A compilation of translations of the Kuriai Doxai, the "Principal", "Key", or "Authorized Docrtines" by Epicurus, containing the contributions of Charles Duke Yonge (1853), William Wallace (1880), Robert Drew Hicks (1910), Cyril Bailey (1926), Norman W. De Witt (1954), R. M. Geer (1964), A. A. Long &, D. N. Sedley (1987), Eugene O'Connor (1993) Brad Inwood & Lloyd P. Gerson (1994), Erik Anderson (2004), Odysseus Makridis (2005), Peter Saint-Andre (2008), George K. Strodach (2012), Pamela Mensch (2018), and Stephen White (2021).

Please post comments, suggestions, proposed corrections, etc. to THIS thread (which is more easily searchable from the main Home page: Kuriai Doxai - A Compilation of Translations by Nathan Bartman


  • Version 9.0.1

    William Wallace's dozen-or-so translations of the KD, as presented in Epicureanism (1880) have been included.

  • This is awesome, thank you!

    Like 1
  • NOTE: Please post comments and other issues for discussion in THIS thread: Kuriai Doxai - A Compilation of Translations by Nathan Bartman

  • Nate thanks again for all this work!

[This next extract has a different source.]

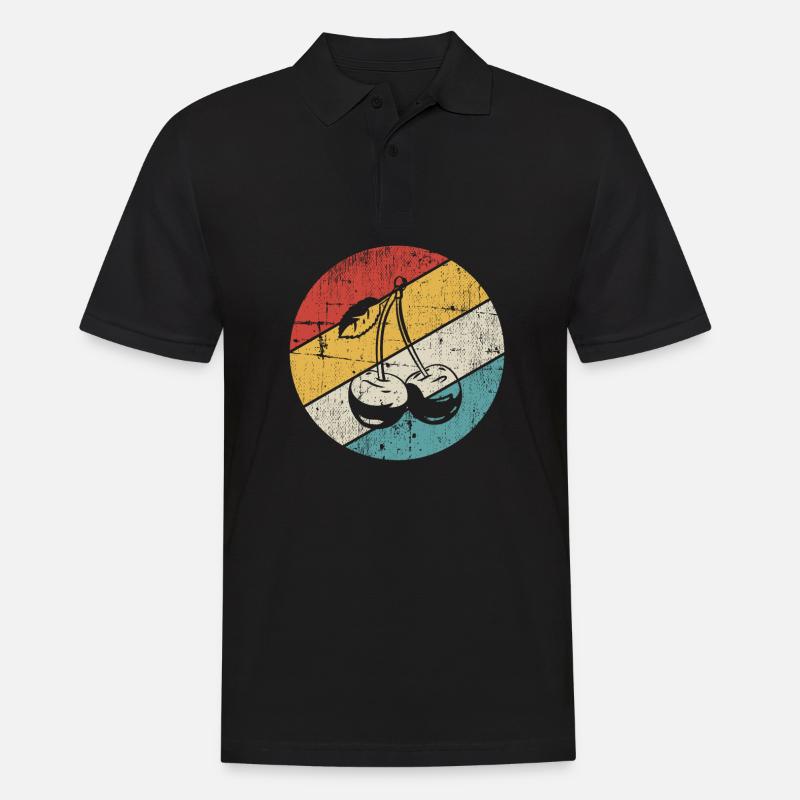 Cherry Retro Fruit Fruit Round - Men's Polo Shirt - black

So:

    KHARISI - ΧAΡΙΣΙ - χάρισι - /'kʰa.riːsiː/ - a loan word from Biblical Hebrew, traceable to proto-Hellenic kʰ əřřō (“to rejoice”) meaning “favor”, “goodwill”, “gratitude”, thanks”. Χάρισι is used in the Septuagint (the frst Greek translation of the Hebrew Tanakh written around the mid-200s BCE) to mean “YHWH's good grace” or “YHWH's will”. The chose to employ this word demonstrates that not only was Epicurus familiar with the theology of the “Chosen People”, but additionally, he dedicated his frst Doxa to directly refuting the proposition that God would chose one people over another.

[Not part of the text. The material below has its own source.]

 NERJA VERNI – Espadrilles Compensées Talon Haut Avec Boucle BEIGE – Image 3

    That's a lot of interesting information. Do you have sources you can point to that would help people who would like to research that aspect further?

    • I've found conflicting sources. There is an ancient Greek root documented since Hesiod which suggests that the concept was available to Greeks regardless of any Hebrew influences. That said, I have another source claiming that the grammatical inflection is a reflection of the Hebrew root and not the proto-Hellenic one, so I'm working that out for future updates.

    • Thanks Nate! If you are able to come up with any kind of chain of commentators eventually that would be great to add. I'm sure I am not the only one who is fascinated if we can find direct back-and-forth between the Epicureans and the Judeo-Christian line. I know our friend Don's interest doesn't rise quite to the level of DeWitt's interest in the topic, but I suspect even Don would be interested! ;)

    • I must have mis-read something and put the wrong dots together. The Septuagint is the very beginning of a cultural interaction between Hebrews and Greeks according to widely available sources ... this surprises me, but it must have been my imagination. Wiktionary was very specific about its status as a pure loan word, but ... records from Hesiod firmly refute that.

      At this point, I'm more interested in answering the question, "Were Jews and Zoroastrians functionally unknown to Athenians before the expansion of the Macedonian Empire? I (perhaps wrongly) assumed that the Middle Eastern monotheists would have had much more influence on world culture by 300 BCE than I'm able to justify giving them credit for now.

      Like 1
    • Probably not necessary for me to say so but I second and agree that these connections are of great interest and worth pursuing. I think that's why DeWitt emphasized the Christian parallels - it helps build interest in a lot of people to see how their own "current" religious traditions intersect with the Epicurean. I definitely think DeWitt's references to Epicurus being considered one of the prototypes of the "antichrist"

      Thanks 1
  • Yes, yes, yes!! Thank you for all this work!